TO DO:
Print the lines in the listing below that fall between the line with "La Escuela para" and the line with "y con ello la", those two lines included, exactly as they stand and with nothing else.

LISTED RECORDS:
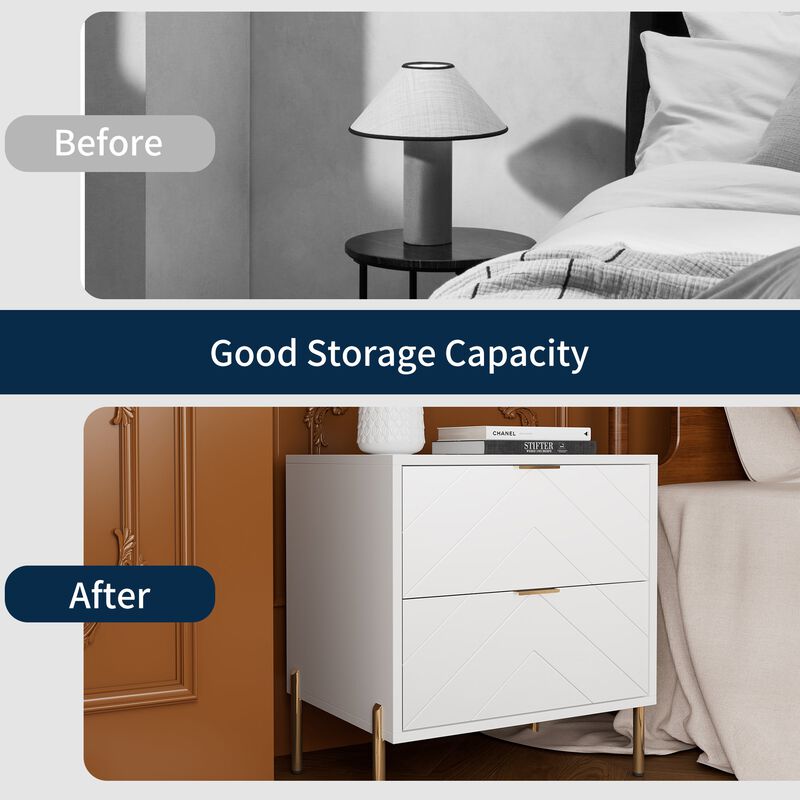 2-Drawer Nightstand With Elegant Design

==

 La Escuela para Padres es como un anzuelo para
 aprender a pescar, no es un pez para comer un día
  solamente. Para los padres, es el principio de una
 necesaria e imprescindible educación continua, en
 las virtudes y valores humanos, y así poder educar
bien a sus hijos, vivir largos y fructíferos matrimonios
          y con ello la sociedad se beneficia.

PROBLEM SOLUTION:
 La Escuela para Padres es como un anzuelo para
 aprender a pescar, no es un pez para comer un día
  solamente. Para los padres, es el principio de una
 necesaria e imprescindible educación continua, en
 las virtudes y valores humanos, y así poder educar
bien a sus hijos, vivir largos y fructíferos matrimonios
          y con ello la sociedad se beneficia.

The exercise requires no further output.